In the assigned excerpt, Gloria Anzaldúa uses two languages: English and Spanish. It is interesting to notice that the proportion of the languages in the text is not equal. The critical content is written in English, while Spanish is used only for headings, some words such as “tejanas”, and “centito” (Anzaldúa 1987, 10); and quotations of the poems. What is more, not all the lyrics and quotes in Spanish have a translation into English. Apart from that, there are examples where three paragraphs are written in Spanish, and only the final sentence is in English. More precisely, this place could be found at the beginning of the second chapter, “Movimientos de rebeldía y las culturas que traicionan” (Anzaldúa 1987, 37). This peculiarity has particular importance for understanding Anzaldúa s reasons to choose the bilingual strategy.
First of all, Anzaldúa was a Chicana feminist, and the book is concerned with the defense of Chicana women. Therefore, English seems to be used as “the language of feminist assertion” (Anzaldúa 1987, 4), whereas Spanish indicates defiance to the fluently English-speaking patriarchs. Anzaldúas attitude is shaped by the fact that she witnessed how the language was used as an instrument of developing the marginalization and exploitation of Chicanas, Latinos, and Mexicans.
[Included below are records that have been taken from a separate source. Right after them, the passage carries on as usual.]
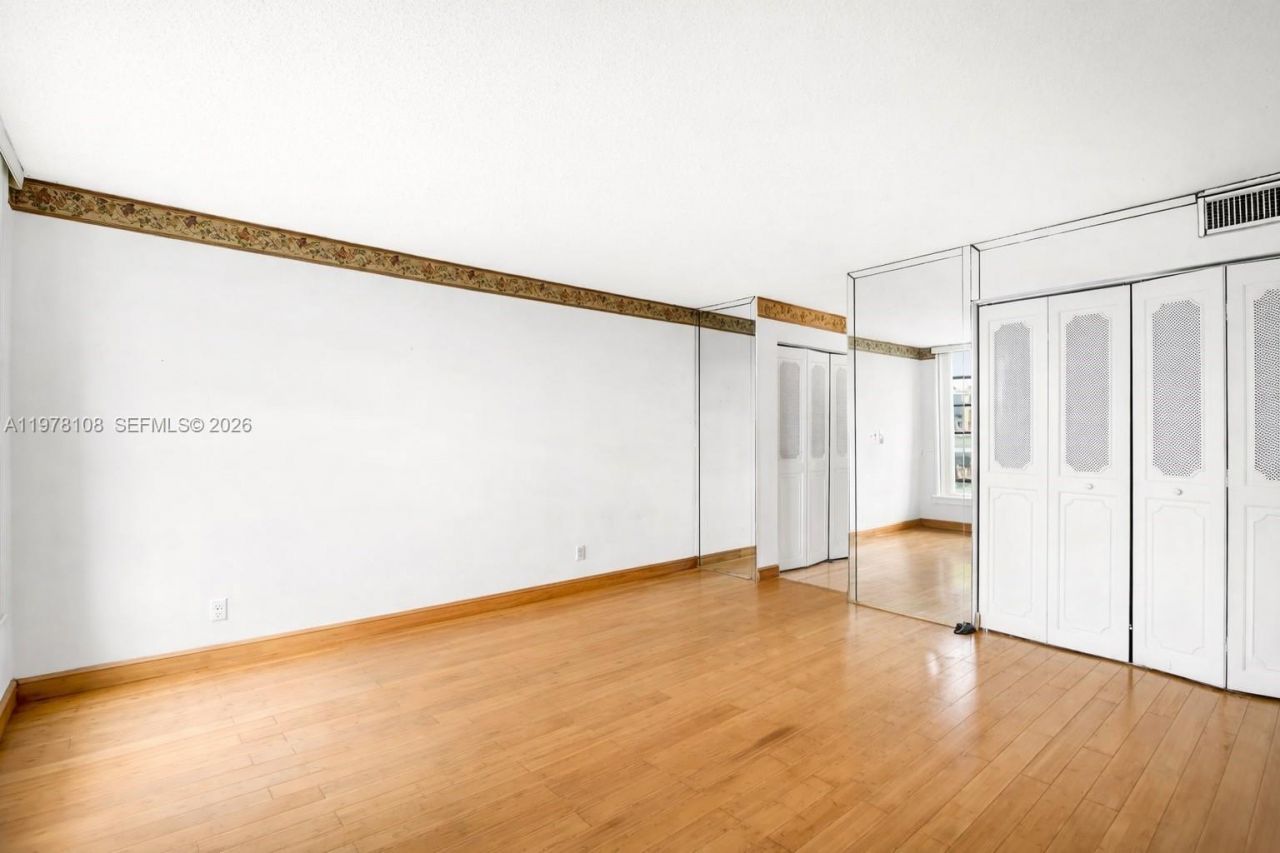 5802 Coral Lake Dr , Unit 102, Margate, FL 33063 Photo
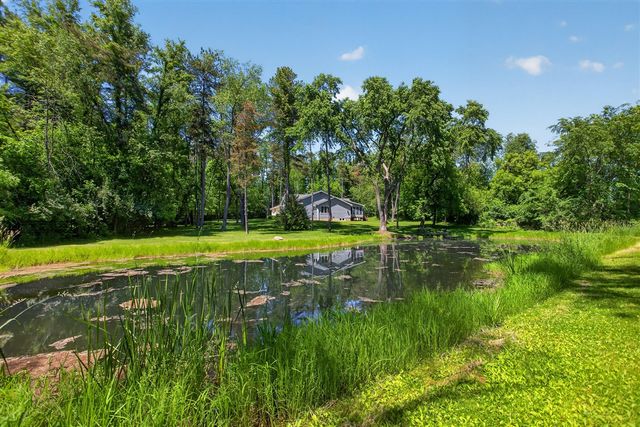 7655 Riverside Road, Brooklyn, MI 49230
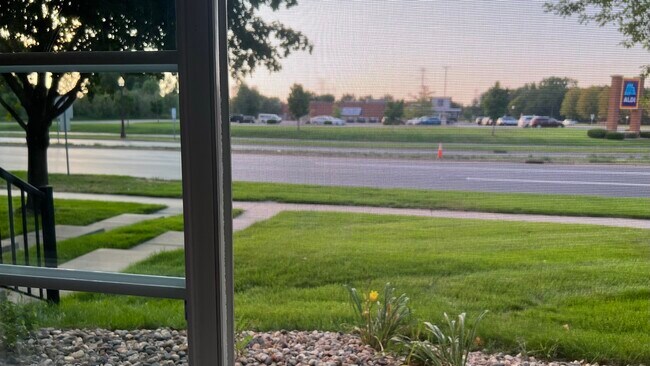 Building Photo - 7866 Old Carriage Ct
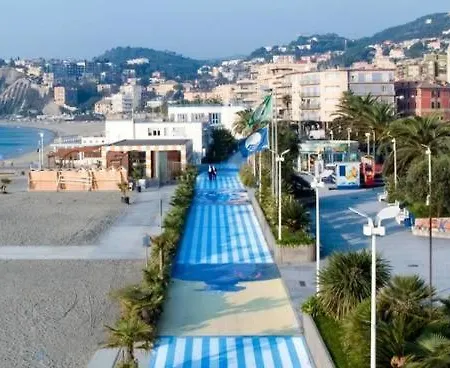 A Due Passi Dal Mare Con Giardino شقة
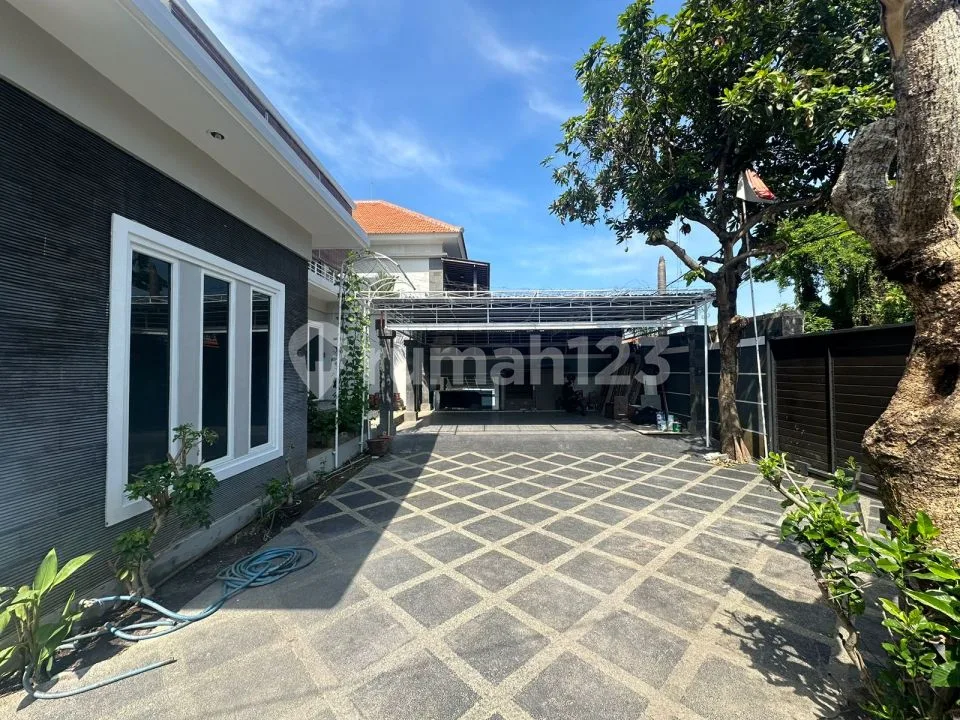 Rumah Mewah Siap Huni dengan Kolam Renang di Area Buluh Indah dekat Gatsu Barat Denpasar - Image 3 of 4
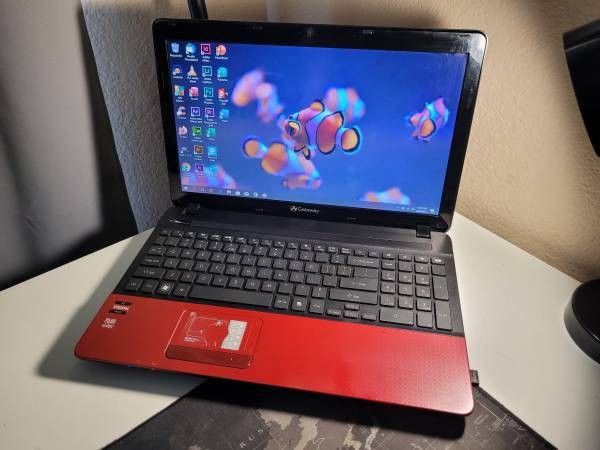Gateway NV55S - AMD Pro A6 - 8GB Ram - 256GB SSD - Windows 10 Pro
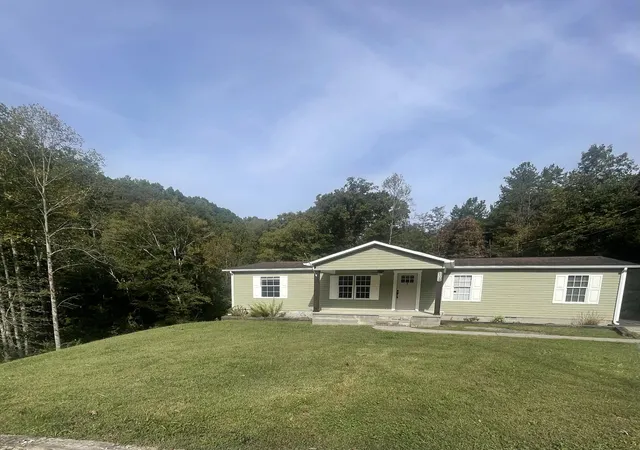 Photo 2 of Single family home for sale at 109 Tanyard Cemetery Rd, Barbourville, KY 40906 | MLS# 26027993 | Listing updated on 2026-10-13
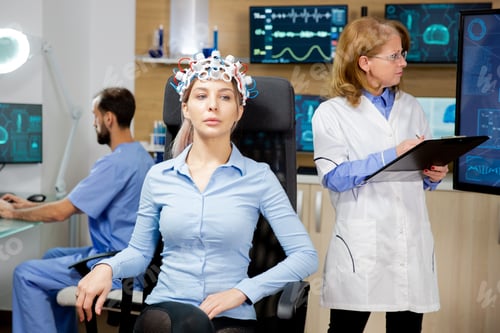 Preview: Female patient who is concentrated during a brain wave scanning device test
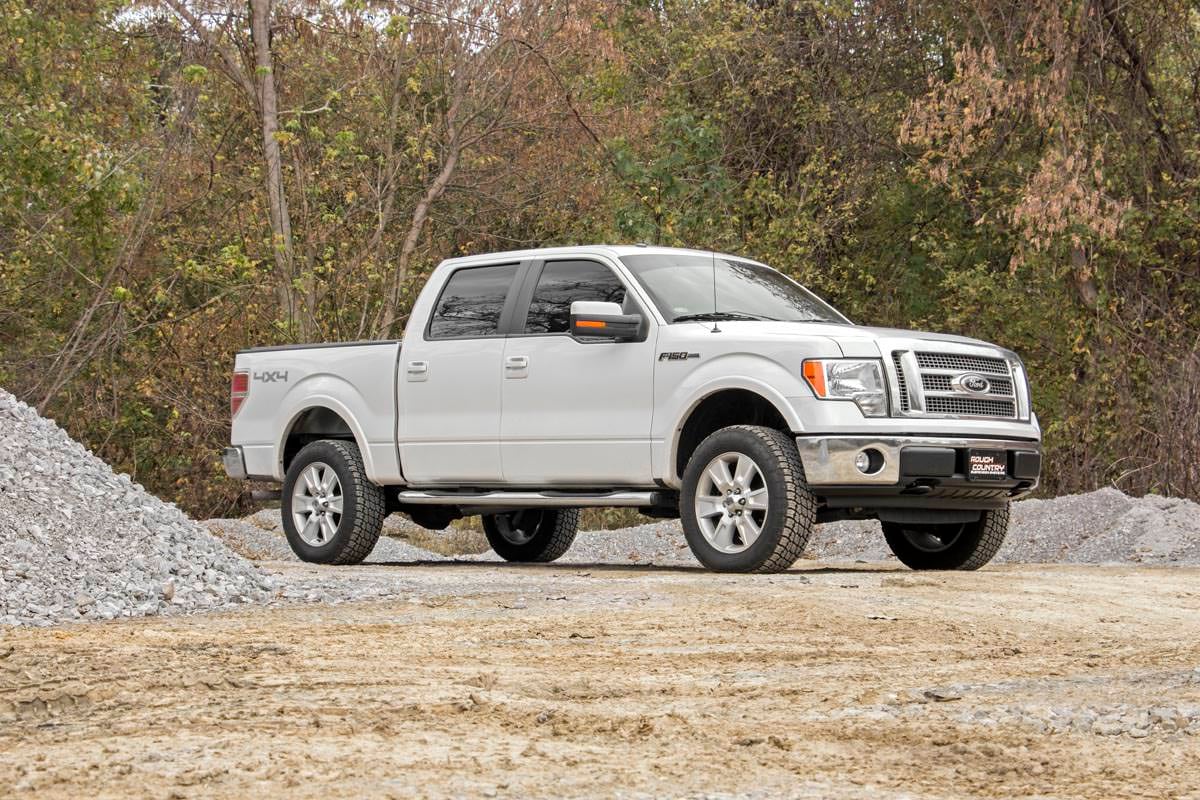 2 Inch Leveling Kit Red Ford F-150 2WD/4WD (2009-2013) Rough Country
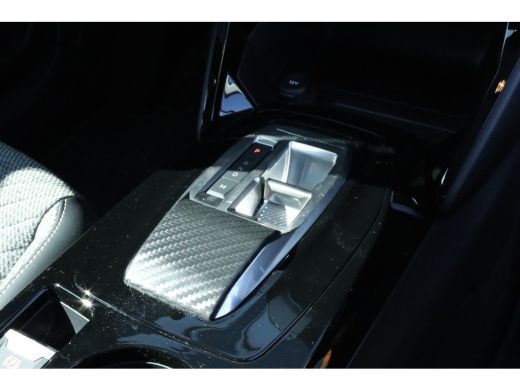 Peugeot 208 Hybrid 100 e-DCS6 Allure | Cruise Control | Camera | Carplay | Climate Control | ActivLease financial lease
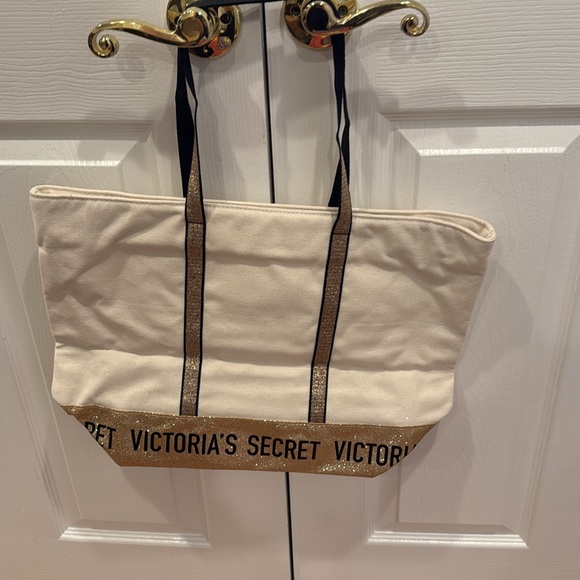New with tags Victoria’s secret sparkly tote medium - Picture 3 of 3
The usage of English and Spanish also provides an illustration of the name of the book, which includes the word “borderlands”. Reading a chapter written in two languages creates an impression of presence at the US-Mexico borders where one can hear both mentioned languages in comparison with central parts of either of two countries. Finally, it should be noted that the constant switching between the languages coincides with the change of genres from the autobiographical fragments to historical and political parts and collections of poems.
Anzaldúa, Gloria. 1987. Borderlands/La Frontera: The New Mestiza. 2nd ed. SF: Aunt Lute Books.